Jimmy Doyle e Buddy Russo sono due investigatori della narcotici dai metodi violenti e dalla vita dissoluta. Senza alcun indizio certo, iniziano a seguire una pista che dovrebbe portarli ad un grosso traffico di droga proveniente da Marsiglia. I superiori non sono disposti a dargli ascolto. Si ricrederanno in seguito, dopo l’arrivo negli Stati Uniti di Alain Charnier il quale, secondo Doyle e Russo, sarebbe la mente di questo colpo. Colpo che vede come protagonisti potenti trafficanti come l’italo-americano Sal Boca e sua moglie Angie.

Il pedinamento di Charnier e di Boca non porta a risultati concreti fino a quando Doyle, vittima di un imboscata da parte dello scagnozzo di Charnier, lo incalza in un incredibile inseguimento automobilistico che finisce con la morte della guardia del corpo. Decisi a smascherare la negoziazione fra Charnier e Boca, i due investigatori mettono in allarme tutto il corpo di polizia. Tuttavia, il solo desiderio di Doyle è quello di prendere il francese e ucciderlo. Ma ci riuscirà?

Con Il braccio violento della legge 2 scopriamo che Charnier era in realtà riuscito a fuggire. Intanto, alla fine del primo film, a rimetterci le penne era stato un collega di Russo e Doyle. Questi ultimi due, dopo il blitz, venivano trasferiti a un’altra sezione e il film di Friedkin si chiudeva con un insolito e freddo finale, lasciando nello spettatore l’amaro in bocca. Il film del 1971 è caposcuola di una rinascita del genere poliziesco e dell’action movie che ora si fa letteralmente più distaccato e agghiacciante. Impossibile identificarsi nei personaggi protagonisti che sono dei veri e propri antieroi. Anzi, il più delle volte ci riconosciamo più nei cosiddetti cattivi, descritti con molto più garbo, specialmente perché sono francesi.

Doyle e Russo rappresentato una quasi perfetta raffigurazione del lato oscuro della legge. Quella legge che non vorrebbe farsi mettere i piedi in testa da nessuno, quella che abusa del proprio potere e quella che comanda con il pugno di ferro. Perfino il linguaggio usato è rivoluzionario, pieno di volgarità e battute razziste. Il linguaggio dei delinquenti usato dai poliziotti e non dai criminali.
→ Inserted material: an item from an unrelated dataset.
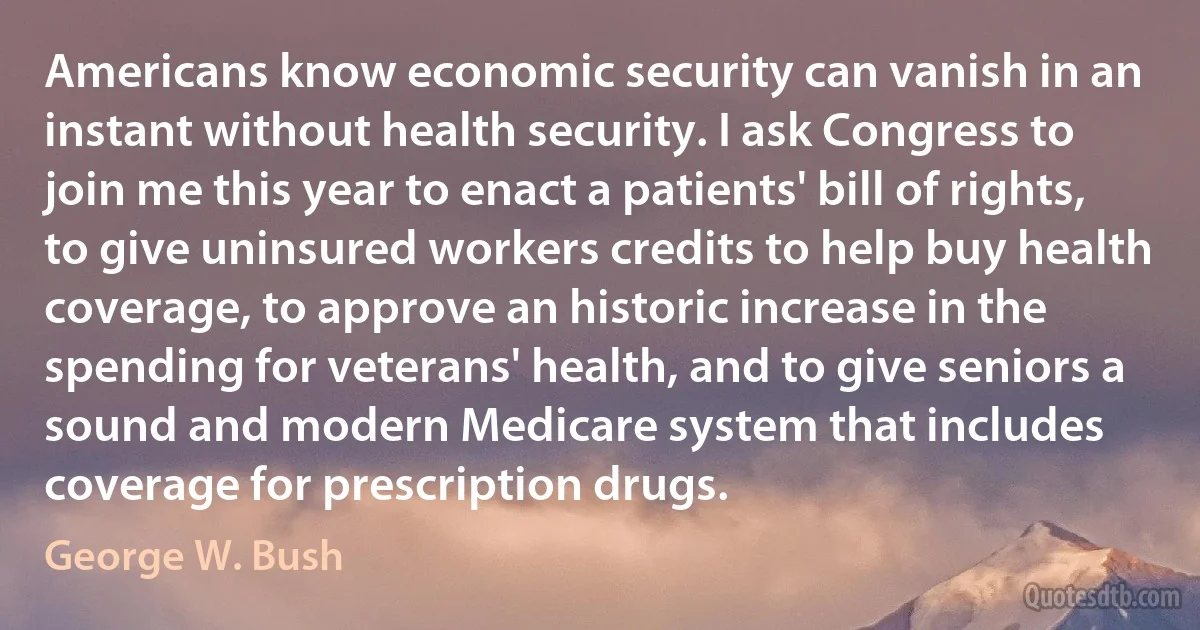 Americans know economic security can vanish in an instant without health security. I ask Congress to join me this year to enact a patients' bill of rights, to give uninsured workers credits to help buy health coverage, to approve an historic increase in the spending for veterans' health, and to give seniors a sound and modern Medicare system that includes coverage for prescription drugs. (George W. Bush)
Ecco che, con una regia sterile e quasi distaccata, Friedkin riesce a dare prova di essere un autore innovativo. Riesce a descrivere un mondo, quello della legge, corrotto, marcio, lercio ma soprattutto molto, molto violento.

Il braccio violento della legge è diventato subito un classico del cinema. Con gli anni non ha smesso di entusiasmare nuove generazioni di spettatori e anche di registi. È sconcertante soprattutto il metodo usato nel film dai poliziotti che trova riscontri simili, se non più drastici e incontrollati, nella realtà. L’omicidio di George Floyd, che ha dato vita al Black Lives Matter, non è che l’ultimo esempio di immorale comportamento da parte delle forze dell’ordine. Il braccio violento della legge per la prima volta non mitizza i cosiddetti depositari della giustizia, bensì li denuncia, mettendoli sullo stesso piano dei malavitosi.

Lo spagnolo Fernando Rey è il criminale francese Claude Charnier.

Degne di nota restano alcune scene come l’arresto iniziale, il blitz, le sequenze degli appostamenti o la scena in metropolitana. Da manuale resta comunque l’inseguimento, girato da Friedkin in persona, dato che gli altri operatori erano tutti sposati e con figli.